Wollemi pine foliage

The Blue Mountains Botanic Garden Mount Tomah has been pivotal in protecting the Wollemi Pine, one of the world’s rarest plants.

The Botanic Garden's changing role

Since opening to the public on November 1, 1987, the role of the Blue Mountains Botanic Garden Mount Tomah – originally called Mount Tomah Botanic Garden – has also evolved.

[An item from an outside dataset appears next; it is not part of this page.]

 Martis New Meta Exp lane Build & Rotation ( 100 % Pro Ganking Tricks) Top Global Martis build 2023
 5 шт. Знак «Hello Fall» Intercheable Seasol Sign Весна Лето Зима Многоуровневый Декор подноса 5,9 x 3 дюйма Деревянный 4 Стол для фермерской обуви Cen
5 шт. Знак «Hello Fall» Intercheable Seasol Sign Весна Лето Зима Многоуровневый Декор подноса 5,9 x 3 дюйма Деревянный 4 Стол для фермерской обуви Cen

Originally, it was conceived as a cool climate botanic garden displaying collections of plants mostly from the Southern Hemisphere, with a relatively narrow scientific focus.

However, when the Greater Blue Mountains World Heritage Area was designated in 2000, the role of the 28 hectares of curated gardens and a further 244 hectares of adjoining wilderness took on new significance, with a renewed focus on the heritage of the surrounding landscape and its diverse indigenous vegetation, the cultural landscape of the Darug people, the history of the botanical explorers, as well as the legacy of the Brunets, who left the land to the Royal Botanic Garden Sydney.

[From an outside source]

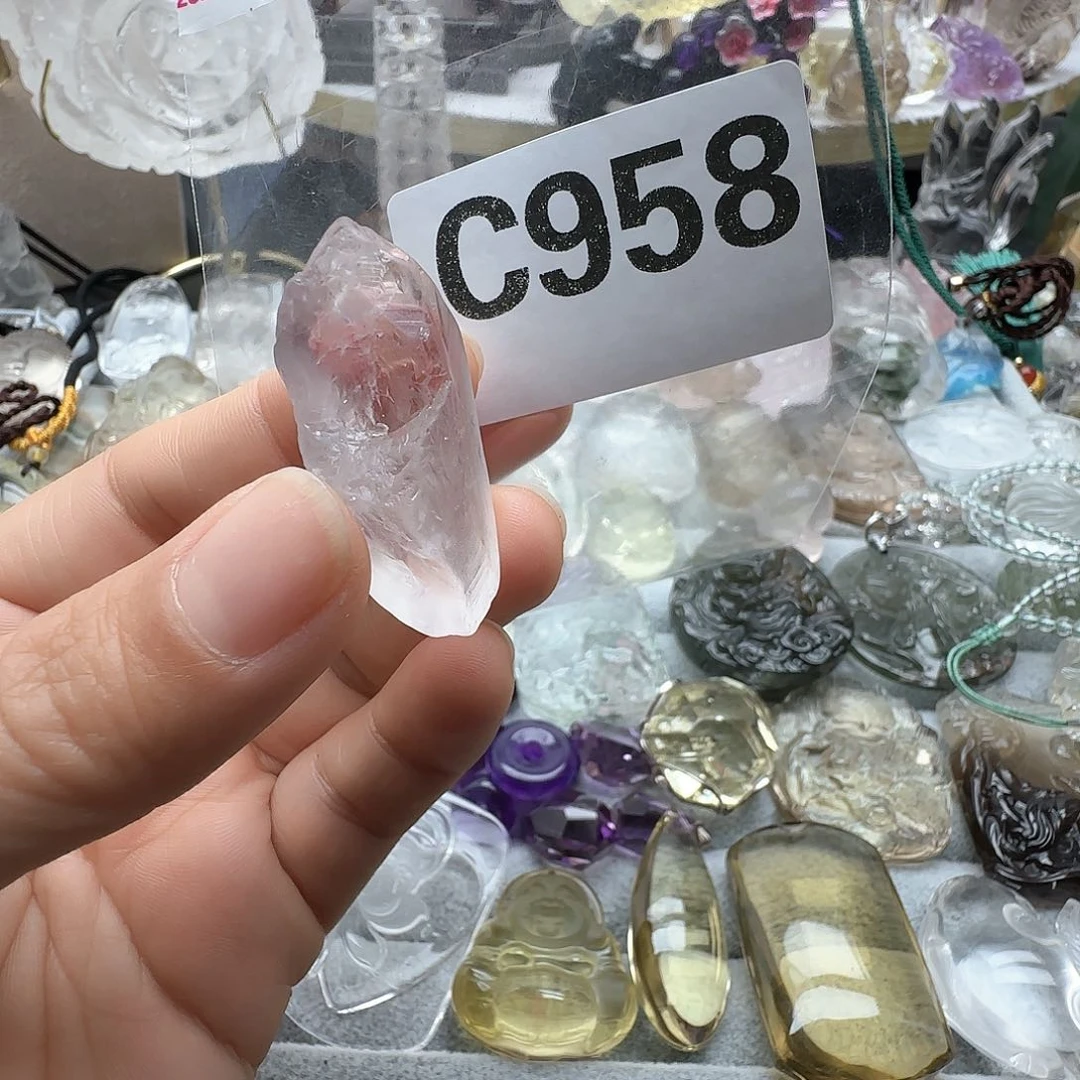 水晶吊坠未镶嵌水晶958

Today, the Garden provides an opportunity to tell the layered history of the Australian mountain landscape, from its First Nations context, to its representation as a botanic garden adjacent to a national park.

View of the spiral at the Blue Mountains Botanic Garden during sunset

The Botanic Garden enjoys views over the Greater Blue Mountains World Heritage Area.

Modern botanic gardens also need to play a leading role in sustainability – environmentally, socially and culturally. Sustainability principles continue to underpin all development at the Blue Mountains Botanic Garden Mount Tomah, including the collection of rainwater, recycling of green waste, on-site sewage treatment and solar infrastructure. In terms of social sustainability, the Garden’s position within a World Heritage area provides it with protection from the encroaching development of Western Sydney; while in cultural terms, the role as a place of significance for the Darug and Gundungurra people will continue to be explored.

A future vision

As part of the Royal Botanic Gardens and Domain Trust, the Blue Mountains Botanic Garden Mount Tomah continues to be a beacon for biodiversity, supporting conservation and monitoring climate change, as well as providing an educational – and incredibly beautiful – experience for visitors of all ages.

So next time you’re visiting, keep in mind the incredible team of horticulturists, botanists and even volunteers who make this tranquil place not only a lovely place to spend time but one that’s crucial to the health and future of the environment.